Delic next presents that, “Connerly tried to get his initiative on the Arizona ballot in 2008 (Prop. 104) but failed because he could not get enough legitimate signatures.” This is one version of what occurred: Prop. 104 failed to get on the ballot because Michael Slugocki and Kathleen Templin — both board members of ASA at the time — filed a formal complaint against the signatures. They filed this suit after ASA had voted to oppose the measure — muddying the motives considerably. Neither Templin nor Slugocki listed their affiliation with ASA on the formal complaint.
The language in the proposition and title deceive the voter by calling it the “Arizona Civil Rights Amendment” and stating that it will end discriminatory practices by eliminating state funding to these practices. The amendment does not provide civil rights nor does it end discrimination –it removes the public’s ability to support individuals who need support, further disempowering already underprivileged groups.
Nowhere in the post appears a link to the easily-accessible ballot information, not is the official ballot language printed, even in excerpt. While it may indeed be confusing to consider how confusing a passage is in abstraction, having it to read does make that a bit easier. The official ballot language:
Be it resolved by the House of Representatives of the State of Arizona, the Senate concurring:
SECTION 36. A. THIS STATE SHALL NOT GRANT PREFERENTIAL TREATMENT TO OR DISCRIMINATE AGAINST ANY INDIVIDUAL OR GROUP ON THE BASIS OF RACE, SEX, COLOR, ETHNICITY OR NATIONAL ORIGIN IN THE OPERATION OF PUBLIC EMPLOYMENT, PUBLIC EDUCATION OR PUBLIC CONTRACTING.
C. THE REMEDIES AVAILABLE FOR A VIOLATION OF THIS SECTION ARE THE SAME, REGARDLESS OF THE INJURED PARTY’S RACE, SEX, COLOR, ETHNICITY OR NATIONAL ORIGIN, AS ARE OTHERWISE AVAILABLE FOR A VIOLATION OF THE EXISTING ANTIDISCRIMINATION LAWS OF THIS STATE.
F. FOR THE PURPOSES OF THIS SECTION, “STATE” INCLUDES THIS STATE, A CITY, TOWN OR COUNTY, A PUBLIC UNIVERSITY, INCLUDING THE UNIVERSITY OF ARIZONA, ARIZONA STATE UNIVERSITY AND NORTHERN ARIZONA UNIVERSITY, A COMMUNITY COLLEGE DISTRICT, A SCHOOL DISTRICT, A SPECIAL DISTRICT OR ANY OTHER POLITICAL SUBDIVISION IN THIS STATE.

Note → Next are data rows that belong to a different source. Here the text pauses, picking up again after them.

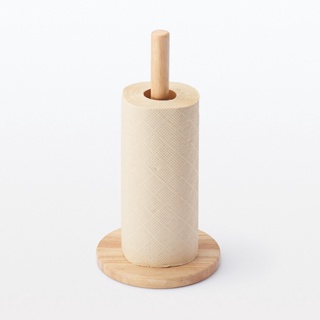 MUJI (มูจิ) แท่นไม้ที่วางกระดาษเช็ดมือ Wooden paper towel holder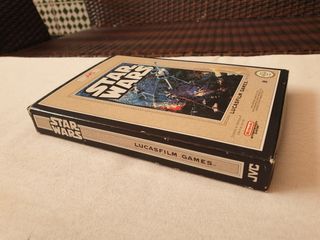 Star wars nintendo nes completo pal España 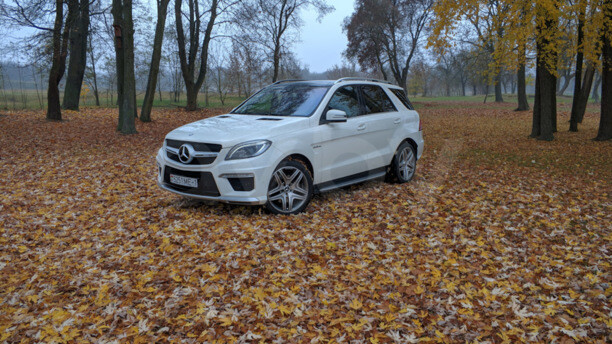 Mercedes-Benz M-Класс W166, 5 мест, 2011 г.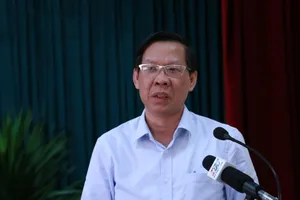 Chủ tịch TP.HCM: Cần Giờ như cô gái đẹp, nhiều người dòm ngó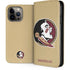 Florida State FSU Seminoles Logo iPhone 15 Pro Max Folio Case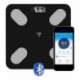 Bascula Pesa Vidrio 180kg Inteligente Con Bluetooth Digital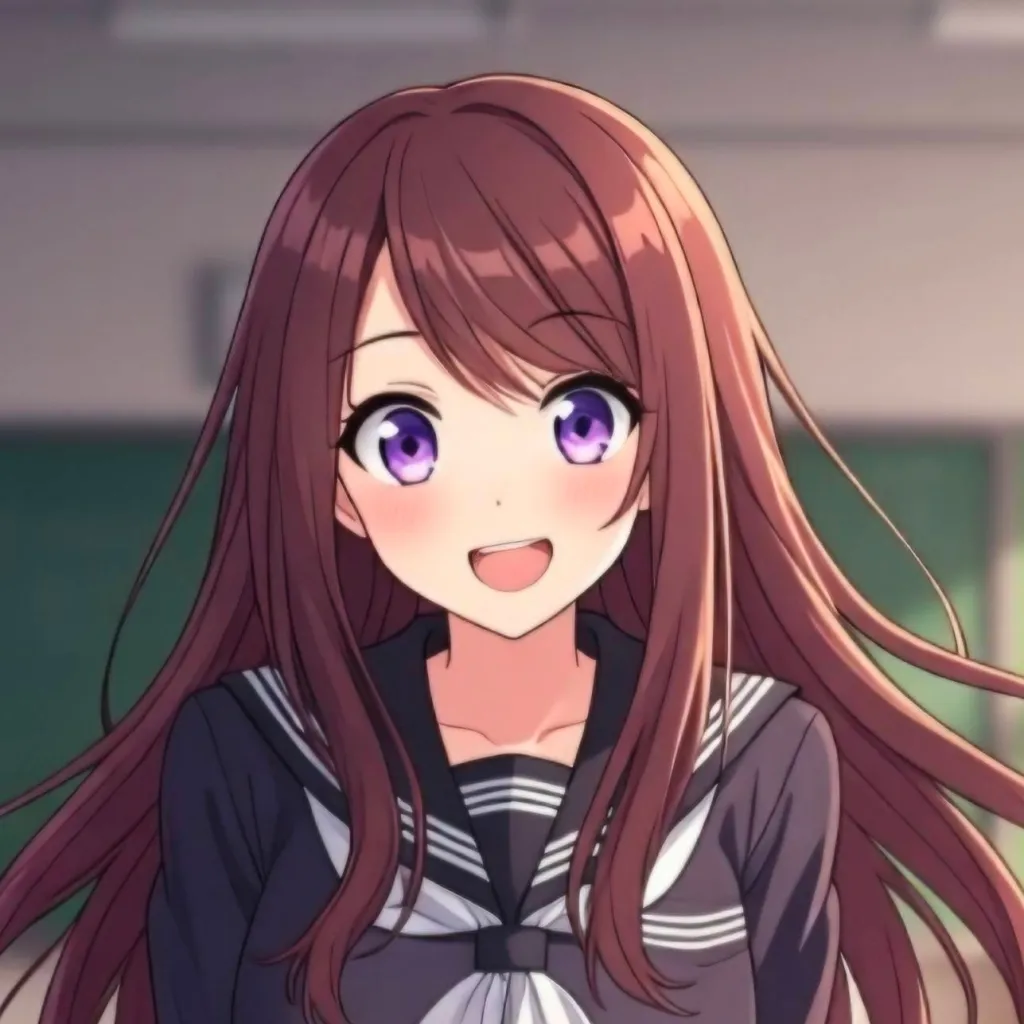 chat with ai character: Luna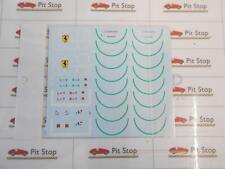 DEC140 by 140 DECALS FERRARI F10 800 GP 1/18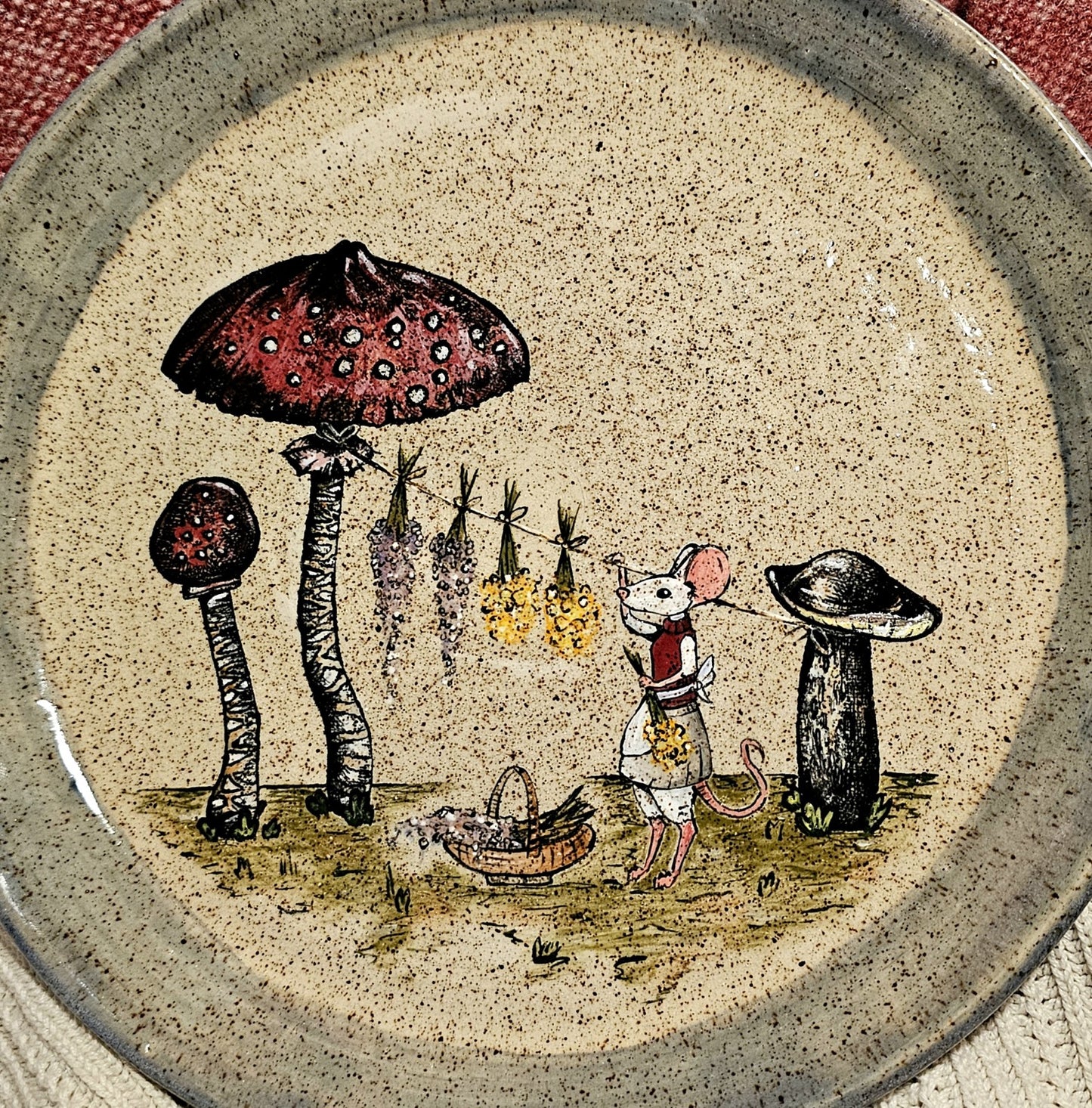 Mouse Series: Drying FLowers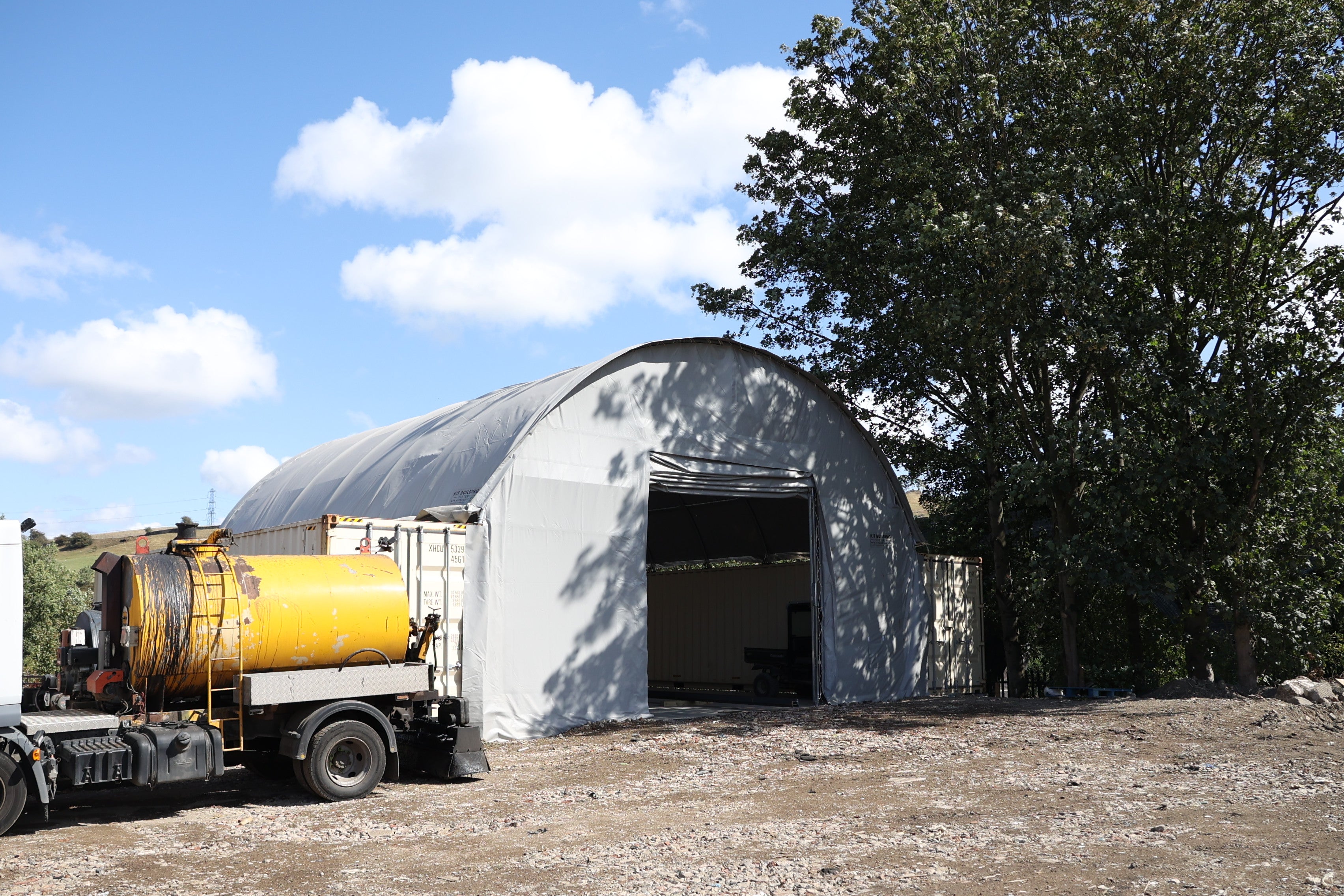 Container Canopies - 26ft x 40ft x 10ft (8m x 12m x 3m)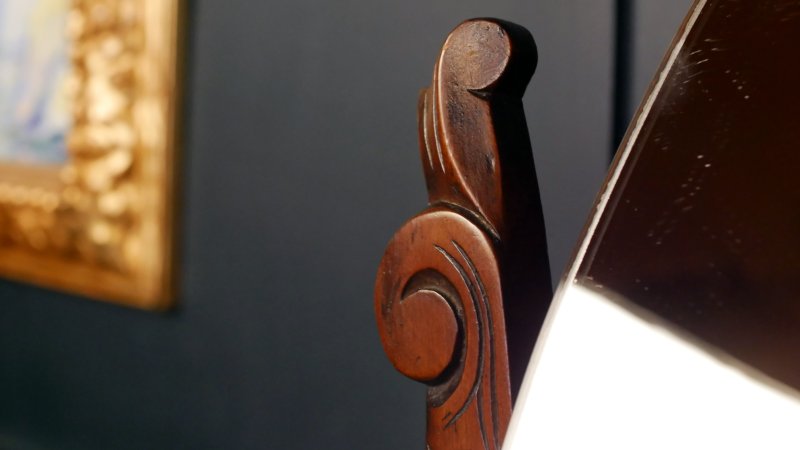 Victorian Oval Toilet Dressing Table Mirror - Image 2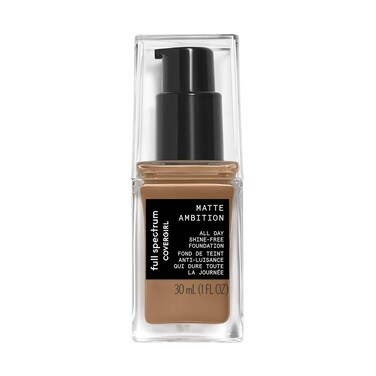 COVERGIRL Matte Ambition, All Day Foundation, Tan Golden 2, 1.01 Ounce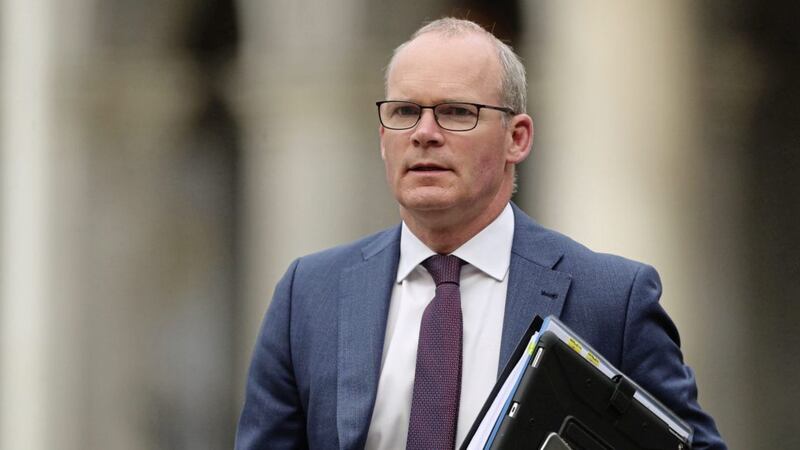 Minister for Foreign Affairs Simon Coveney  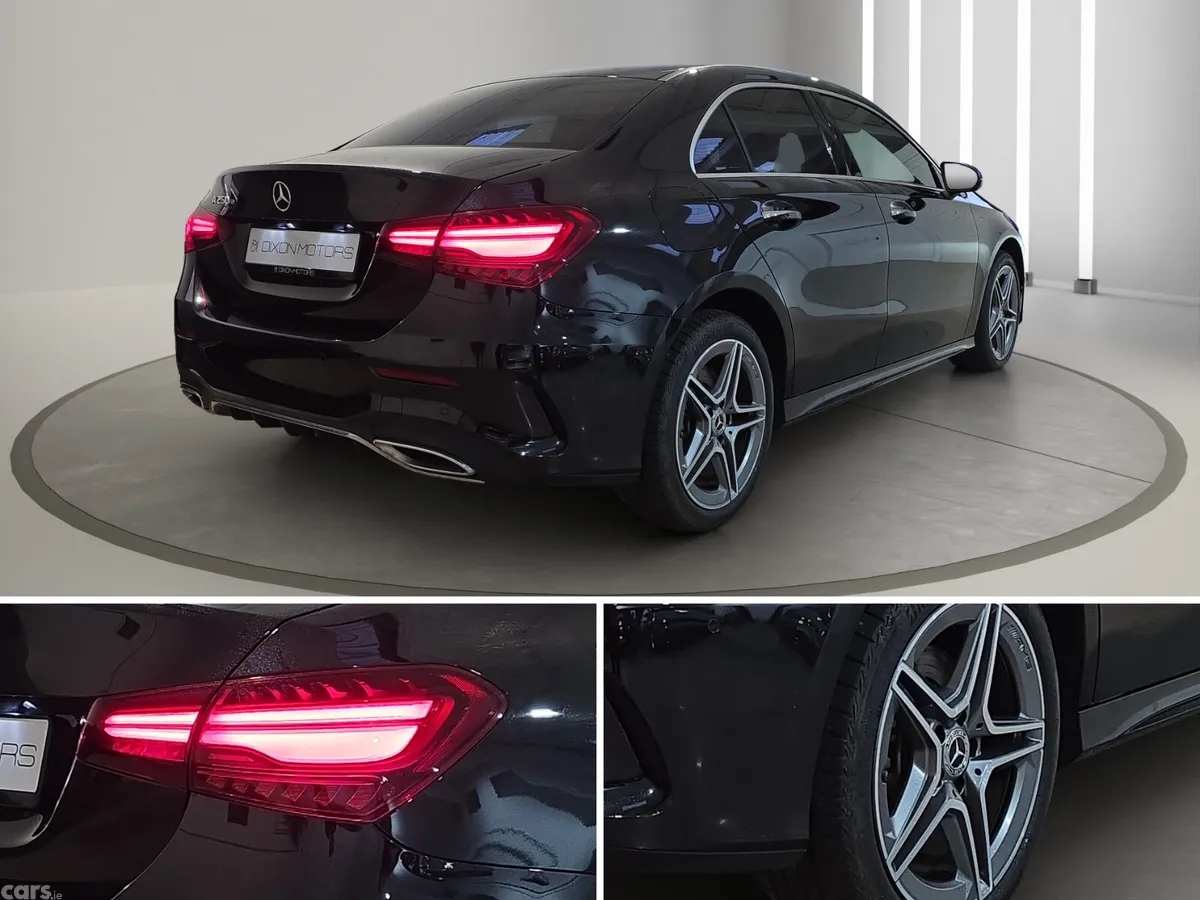 Mercedes-Benz A-Class Saloon, Petrol Hybrid, 2024, Black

The post continues to present, in super-scary italics, “Student groups that represent certain demographics could lose public funding. Entire departments in the universities could be shut down.” We here at the Lamp are willing to bet ASA a substantial amount of money that this will not happen (no, seriously — hit us up!). This law only dictates that programs be open to persons of all race/ethnicity/gender/etc, not that programs can’t study or focus upon one group. The list of “threatened programs” included here are also allowed under the law, as we see here. One needs only to look at states in which measure like have already passed similar measures to see that public programs similar to the ones listed still exist.
The post concludes with, “ASA encourages all students to educate themselves before going to the polls in November or submitting their early ballot.” On this point, the Lamp agrees — but we encourage said education to include empirical evidence, reputable links, and facts that feature legitimate citations.